Friday, July 21, 2017

You Don't Have to be a Professional to do Our Posters

Recently, I had a client, who, in all seriousness, told me that you don’t have to be a professional to do their posters.

Huh.

I thought about a project I completed last year.

It was an event poster for a winter concert, Christmas songs that were all about journeys – Mary and Joseph traveling to Bethlehem, families traveling to visit relatives.

The organization’s representative was in a quandary on how to represent the spiritual and secular journey on the poster. They suggested just do text and no graphics because they couldn’t think of how to visually both. They didn’t think that splitting the poster in half with an image of Mary and Joseph on one side and a family’s journey on the other would work. I explained that you don’t have to be that literal. We talked about the theme “The Journey”. They talked about some kind of movement or sense of movement, perhaps a comet? Maybe a visual of a snowy path through a winter woods would work? I responded with “Let me see what I can do.”  

Thinking about the title of the concert “The Journey” and what a journey means, I thought that the message for this concert isn’t about the journey but the destination. What I came up with captures that sense of journey to a place while at the same time giving the feeling of something beyond the physical world.

And this takes me back to “you don’t need a professional…” I put it like this: clients have limited tools in their toolbox. They might use bullet points, italics, or bold to highlight text. They might use clip art and center everything. The basics of graphic design and having an eye for composition isn’t there. The ability to see any number of possibilities to visualize their message isn’t there.  

When a client expects the designer to do what they are told then they are not allowing the designer to do their job and the possibilities are lost.

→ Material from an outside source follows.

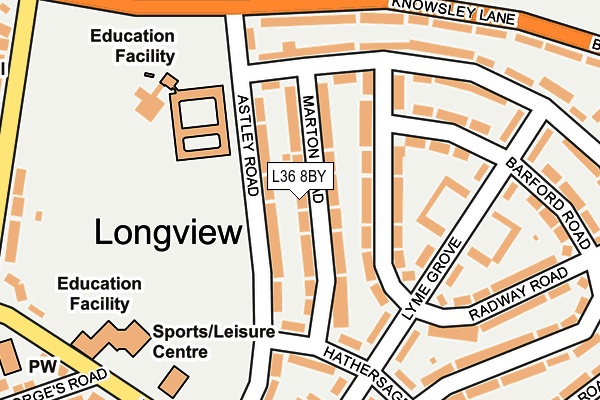 L36 8BY map - OS OpenMap – Local (Ordnance Survey)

A professional will think and imagine something the client would never think of. Telling the client that they don’t know what they are doing is problematic. Explaining that this isn’t their area of expertise; that it’s the designer’s job to come up with solutions can be misunderstood. Depending on the client, this could come across as having a big ego.

But if I had done what I was told, the first idea presented to me, the client would have had a poster with only text and a logo. They wouldn’t have a poster that they loved and caught the attention of the public.

“You don’t need a professional to…”

Then you don’t need a graphic designer or commercial artist.